HH: Let me give you this example. In Namibia, there is a big green hydrogen project being built right now with the former colonial power, Germany. The project is owned by the Germans and the British. They are building a huge project, building solar panels, wind farms, and then using desalinated water to break the hydrogen molecule and export green hydrogen to Germany. In Namibia, 45 percent of the population does not have access to electricity, and the electricity it uses is imported from South Africa. This project would make sense if you were building solar plants and wind farms to produce green electricity for your own usage, right? But not to produce green electricity for export.
LY: In Palestine, the situation is even more challenging, because Israel’s military occupation limits people’s access to electricity.
HH: The colonial dynamics I mentioned in the export-oriented projects are clearly discernible in the renewable projects erected and being built in occupied territories such as Palestine, the Golan heights, and Western Sahara, because they take place at the expense of colonized people and go against their right for self-determination. Israel has portrayed Palestine pre-1948 as an empty, parched desert, which has become a blooming oasis after the establishment of the state of Israel. Israel covers up its war crimes against the Palestinian people by posing as a green and advanced country, in a superior position to a fearsome and arid Middle East. This position has been reinforced with the signing of the Abraham Accords between Israel, the United Arab Emirates, Bahrain, Morocco, and Sudan in 2020, and through agreements to jointly implement environmental projects — renewable energy, agribusiness and water, which are are a form of what is described as eco-normalization — the use of “environmentalism” to greenwash and normalize Israeli oppression.

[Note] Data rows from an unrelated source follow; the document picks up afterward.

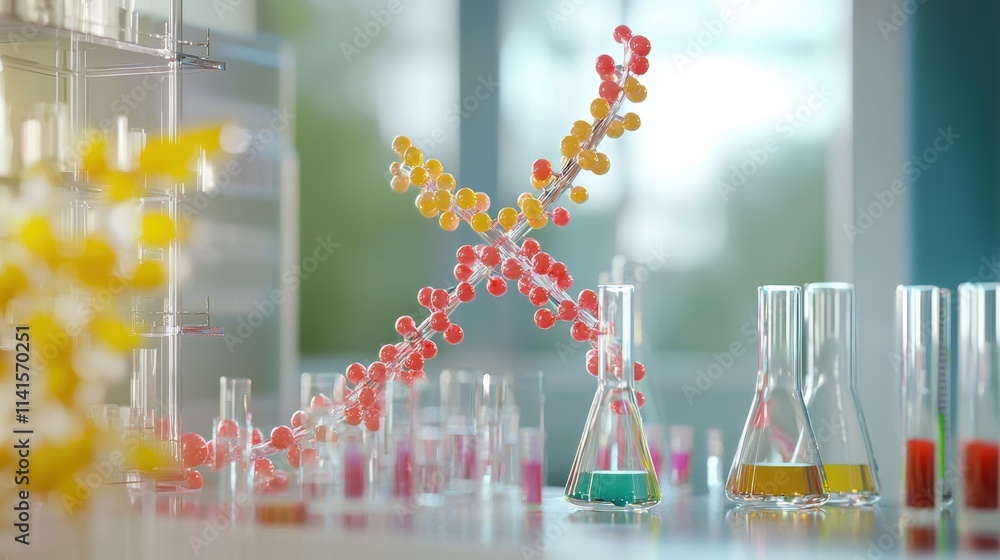 Poster scientific research experiment with dna models in laboratory setting colorful glassware close-up vie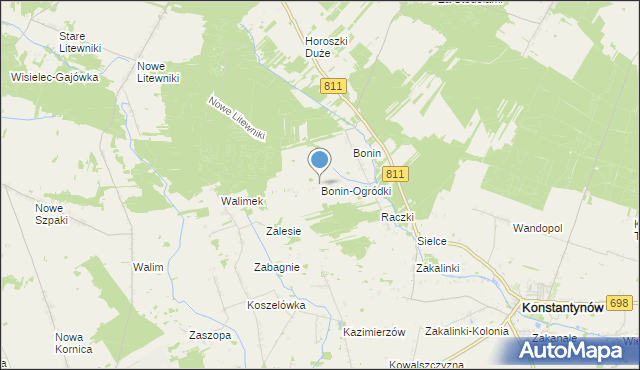 mapa Bonin-Ogródki, Bonin-Ogródki na mapie Targeo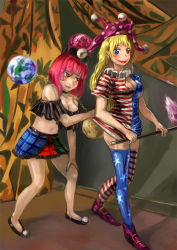 Rule 34 | 2girls, alternate legwear, american flag dress, american flag legwear, amibazh, ass, bare legs, bare shoulders, blonde hair, blue eyes, blush, breasts, cleavage, cleavage cutout, clothes lift, clothing cutout, clownpiece, crop top, dress, dress lift, hat, hecatia lapislazuli, heterochromia, jester cap, large breasts, long hair, medium breasts, microdress, midriff, miniskirt, multicolored clothes, multicolored skirt, multiple girls, navel, neck ruff, off-shoulder shirt, off shoulder, red eyes, red hair, shirt, skirt, thighhighs, touhou, very long hair, wavy hair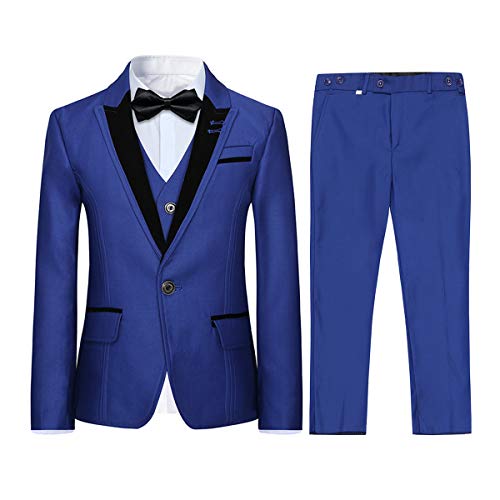 Jungen Kostüm 3-teilig Klassisch Slim Fit Hochzeitsanzug Tuxedo Jacke Hose und Weste Mode Jungen Anzug(Blau 7 Jahre)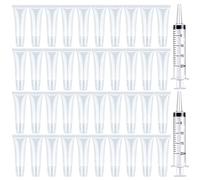 BAQI 50 tubos vacíos transparentes de 10 ml para brillo de labios con 2 jeringas de plástico de 20 ml, tubo de brillo de labios vacío recargable, tubo suave para mujeres y niñas, bálsamo labial para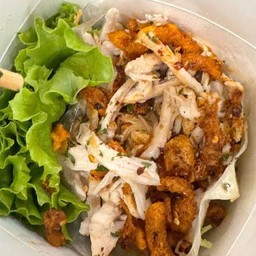 หมี่คลุกไก่ฉีก+น้ำพริกหมูกระจก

We must always ask: Who owns what? Who does what? Who gets what? Who wins and who loses? And whose interests are being served? Because if we don’t ask these questions we will go straight to a green colonialism, with an acceleration of extraction and exploitation, in the service of a so-called common “green agenda.”

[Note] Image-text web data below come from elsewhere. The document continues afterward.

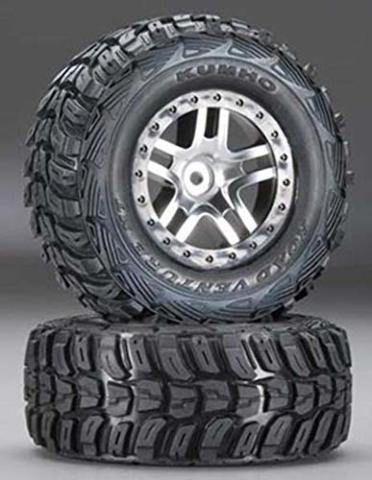 Traxxas 6874 Tires &amp; wheels assembled glued (SCT Split-Spoke satin chrome black beadlock style wheels Kumho tires foam inserts) (2) (4WD frontrear 2WD rear only) - Excel RC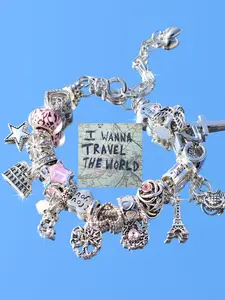 Travel Birthday Bear Charm Bracelet, Leopard DIY Bracelet, Angel Heart Mom DIY Bracelet, Eiffel Tower Travel Memorial Bracelet, Star Girl Bracelet, Charms Bracelet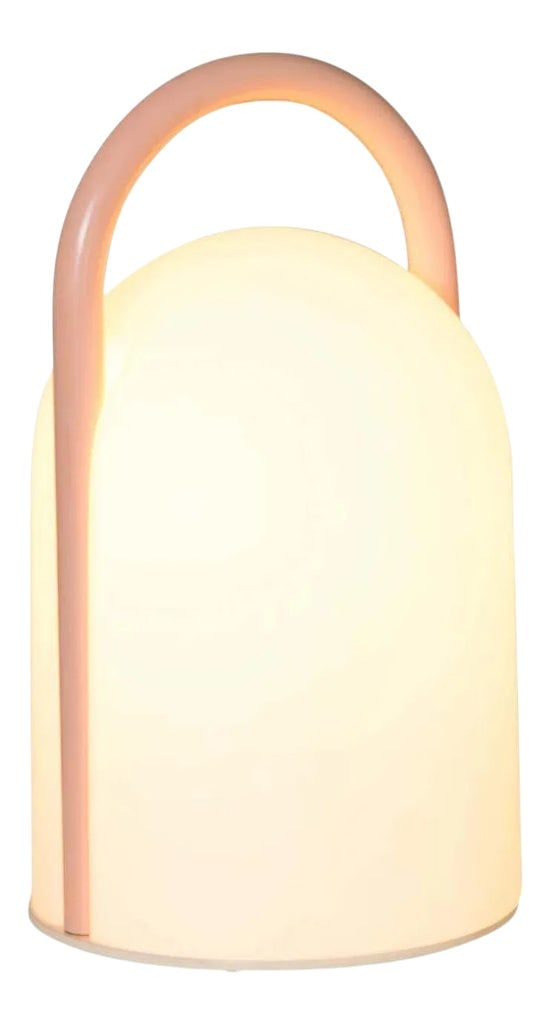 1980s Romolo Lanciani 'Tender' Glass Table Lamp for Tronconi: 1980s Romolo Lanciani 'Tender' soft pink and glass table lamp for Tronconi. Executed in opaline glass and rare soft pink etal handle, the 'Tender' is a modern take on 19th century railroad tender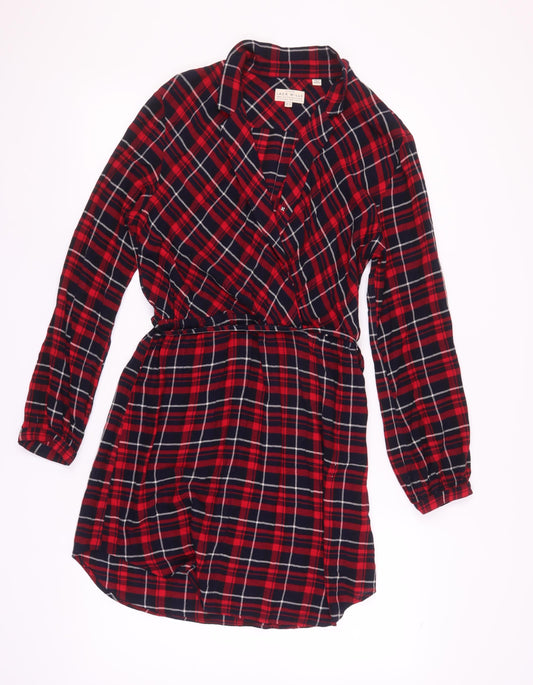 Jack Wills Women's Red Plaid Collared UK 14 Dress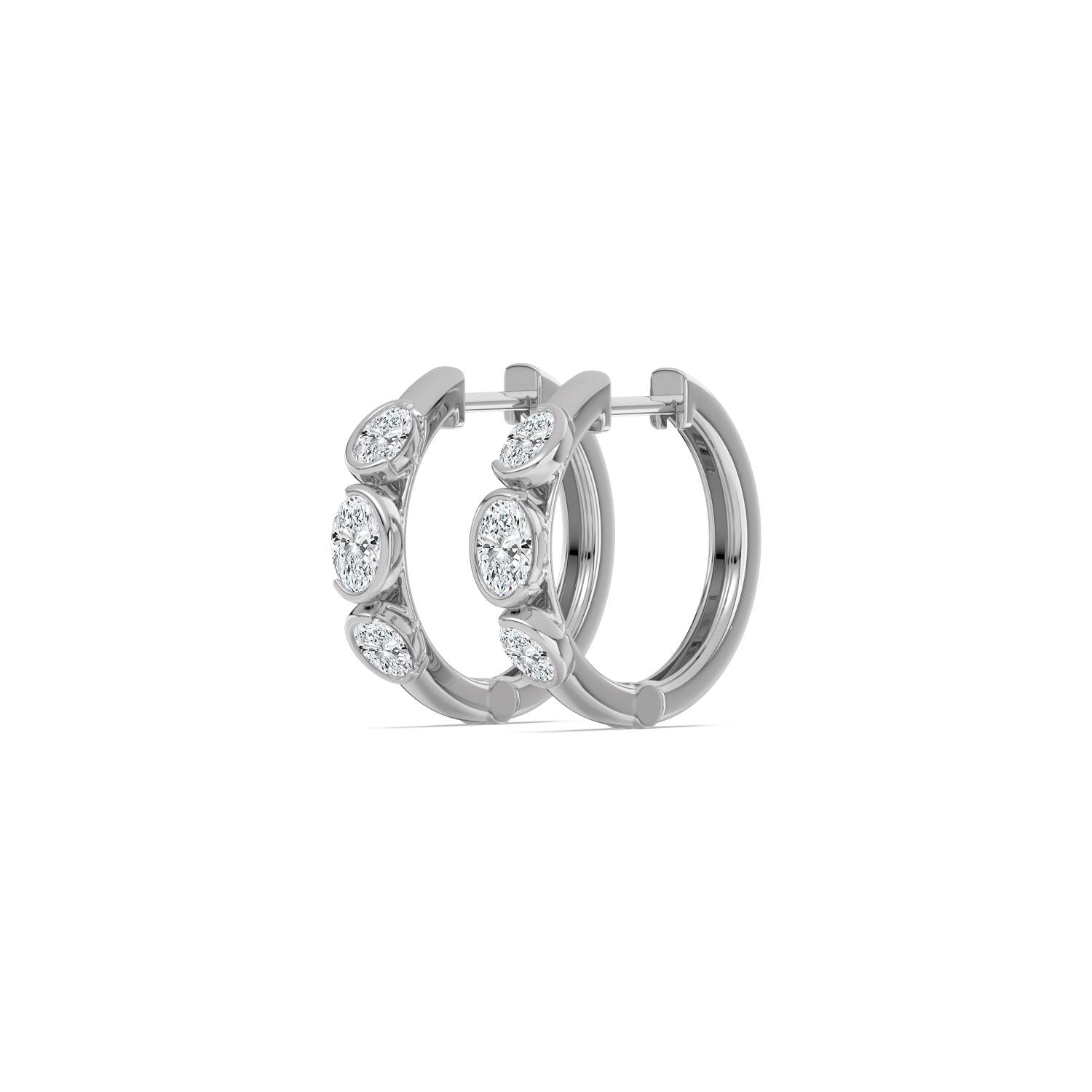 9K White Gold Lab Grown Diamond EARRINGS 0.95 ctw E33912OV-1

LY: We’ve talked about how both fossil fuel and green energy projects often extract resources from communities and give little in return. Can you think of a successful example, one that offers a sort of guide for equitable climate solutions?
HH: In 2011, at the time of the Tunisian revolution, the revolutionary council in the southern oasis town of Jemna recaptured land that had been taken away from them during colonial times. Even after independence in 1956, the state offered the land to two investors who captured all of its wealth. So in 2011, the people of Jemna recaptured the land and started managing the whole oasis, in terms of agriculture, in terms of selling the dates, in terms of marketing them. And all the proceeds that they got, they invested in the community. They remodeled the school, they bought an ambulance. That was truly inspiring. When people are given the power, and especially in a revolutionary context, people can do a lot.
An agriculture worker in Jemna, Tunisia. Nadir Bouhmouch
LY: We are more than 10 years out from the Arab Spring, with some pretty discouraging results. How can communities across the region end their dependence on fossil fuels without sacrificing aspirations for democracy and freedom?
HH: What you’re asking me is how are we going to make the next revolution successful, right? There is no easy answer for this. From history, we’ve seen how most revolutions fail. This is the reality, and some revolutions take other revolutions to succeed. We’ve seen the French Revolution; it took more than a century to become a republic. It’s the same thing in the Arab region. We have seen two waves of uprisings, the first in 2011. Most of them have been defeated. This is the reality. And then we saw the second wave [in 2018], and most of them have been defeated. But what it shows is that there is a protracted, long-term revolutionary process taking place, with ups and downs, sometimes victories, sometimes failures, sometimes defeats. What we know is that the people in the region are not passive victims. They say, “We are here. We are going to resist.”